→ EXERCISE DETAILS
Since the copy must hold text only, transcribe the data below exactly and omit the images.

--- THE DATA Enclosed Below ---

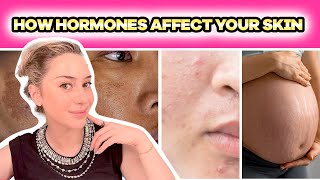 What No One Tells Your About Hormones & Your Skin: 20s, IVF, Pregnancy, Postpartum & Menopause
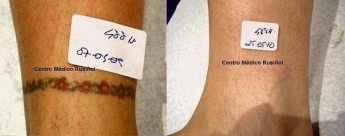 Las razones laborales son el principal motivo para eliminar tatuajes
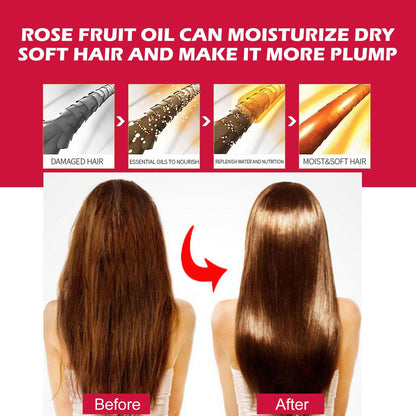 Rosehip Facial Oil For Facial And Body Hydration, Nourishing Skin Care, Smooth Hair Care, And Massage Oil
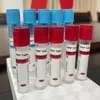 Siny High Quality Medical Consumables Ha & Sodium Citrate & Gel Disposable Vacuum Blood Collection Prp Tube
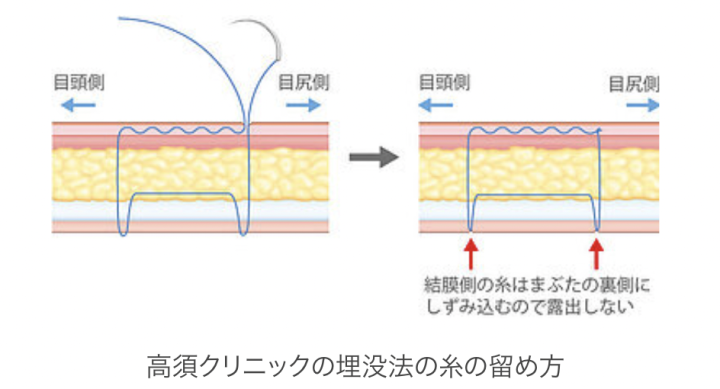 高須 クリニック 埋没 口コミ
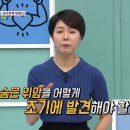 소리 없이 찾아온다! '숨은 위암'인 조기 위암 찾아내는 방법 이미지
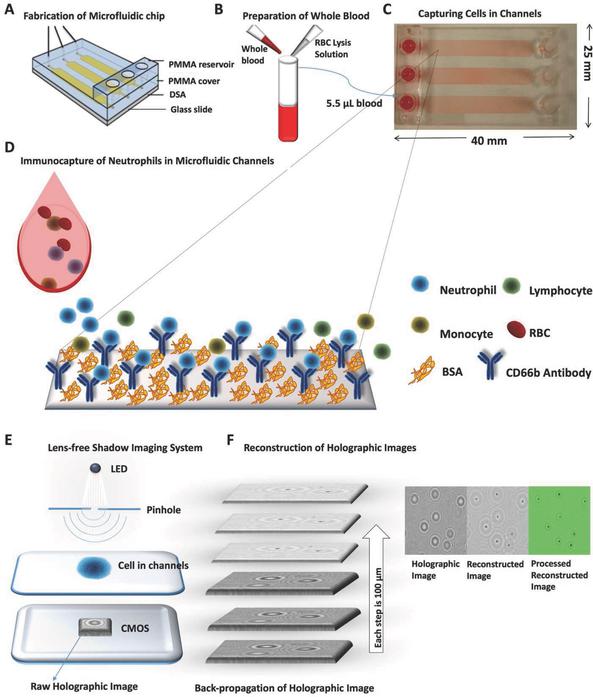 監控血液中嗜中性粒細胞數量的新方法 監控血液中嗜中性粒細胞數量的新方法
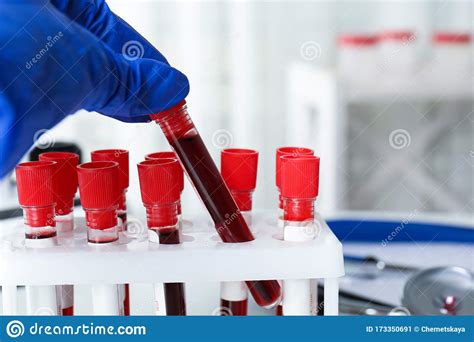 Wissenschaftler Der Reagenzglas Mit Bluttest Aus Dem Rack Im Labor Wird Virusforschung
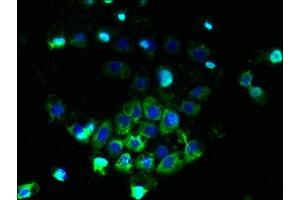Immunofluorescent analysis of A431 cells using ABIN7144889 at dilution of 1:100 and Alexa Fluor 488-congugated AffiniPure Goat Anti-Rabbit IgG(H+L) (ABCB5 Antikörper  (AA 547-760))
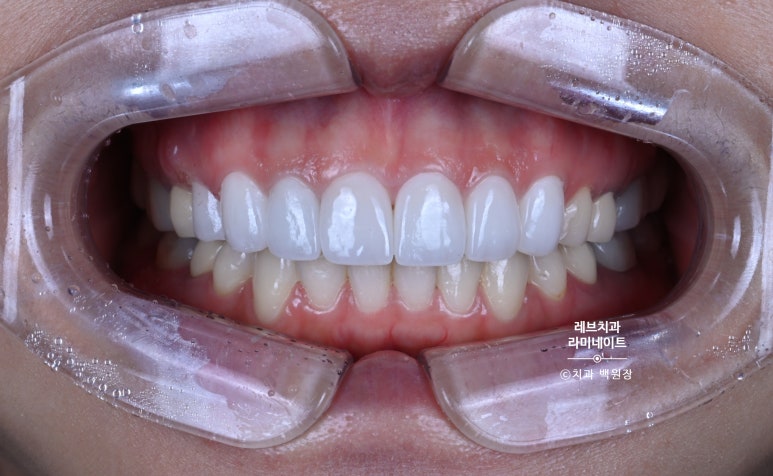 신사역 퍼스널컬러 맞춤 치과. 전담 세라미스트가 앞니 크라운과 라미네이트를 만들어 드립니다. 관련 이미지 11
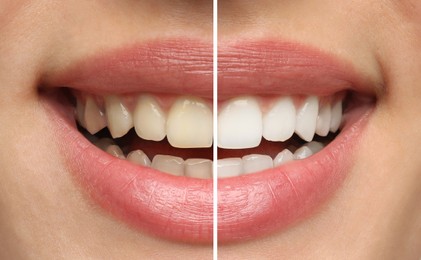 Collage with photos of woman before and after teeth whitening, closeup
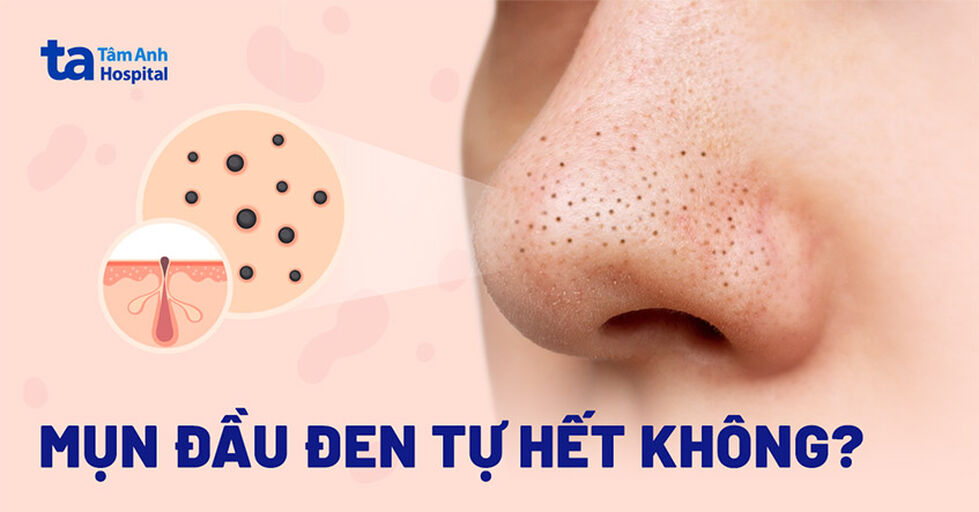 @cachtrimundauden Profile Picture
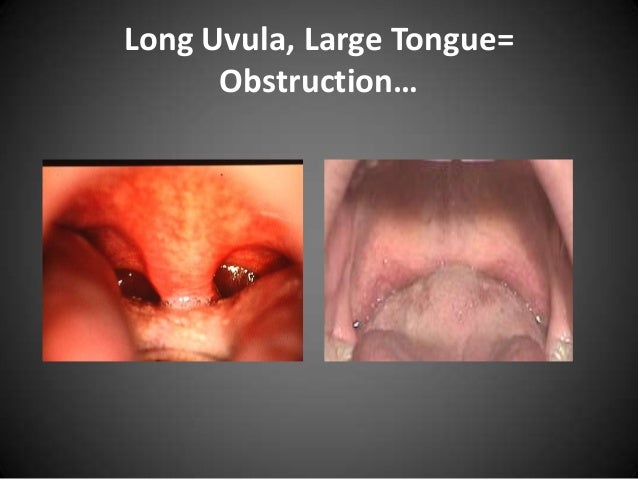 sandy coulson sleep disorder spreecast neck size sleep apnea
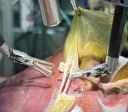 Pela 1ª vez na história, robô faz cirurgia guiado por IA sem ajuda humana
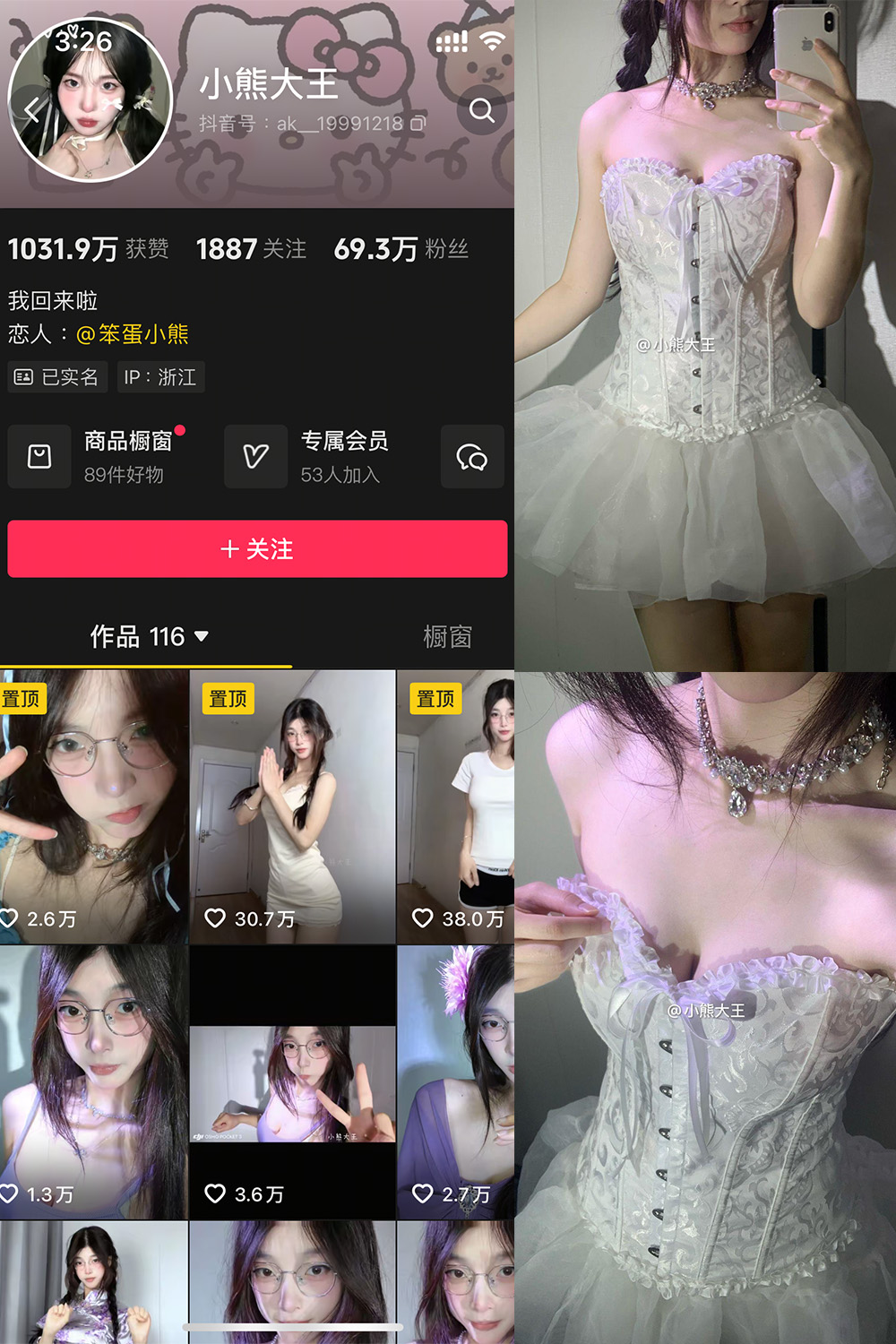 【在线看】抖音 小熊大王 微密圈 001期 【32P】 - XZWang-写真网-XZWang-写真网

--- End of Enclosed THE DATA ---

→ EXERCISE RESPONSE
 What No One Tells Your About Hormones & Your Skin: 20s, IVF, Pregnancy, Postpartum & Menopause
 Las razones laborales son el principal motivo para eliminar tatuajes
 Rosehip Facial Oil For Facial And Body Hydration, Nourishing Skin Care, Smooth Hair Care, And Massage Oil
 Siny High Quality Medical Consumables Ha & Sodium Citrate & Gel Disposable Vacuum Blood Collection Prp Tube
 高須 クリニック 埋没 口コミ
 소리 없이 찾아온다! '숨은 위암'인 조기 위암 찾아내는 방법 이미지
 監控血液中嗜中性粒細胞數量的新方法 監控血液中嗜中性粒細胞數量的新方法
 Wissenschaftler Der Reagenzglas Mit Bluttest Aus Dem Rack Im Labor Wird Virusforschung
Immunofluorescent analysis of A431 cells using ABIN7144889 at dilution of 1:100 and Alexa Fluor 488-congugated AffiniPure Goat Anti-Rabbit IgG(H+L) (ABCB5 Antikörper  (AA 547-760))
 신사역 퍼스널컬러 맞춤 치과. 전담 세라미스트가 앞니 크라운과 라미네이트를 만들어 드립니다. 관련 이미지 11
 Collage with photos of woman before and after teeth whitening, closeup
 @cachtrimundauden Profile Picture
 sandy coulson sleep disorder spreecast neck size sleep apnea
 Pela 1ª vez na história, robô faz cirurgia guiado por IA sem ajuda humana
 【在线看】抖音 小熊大王 微密圈 001期 【32P】 - XZWang-写真网-XZWang-写真网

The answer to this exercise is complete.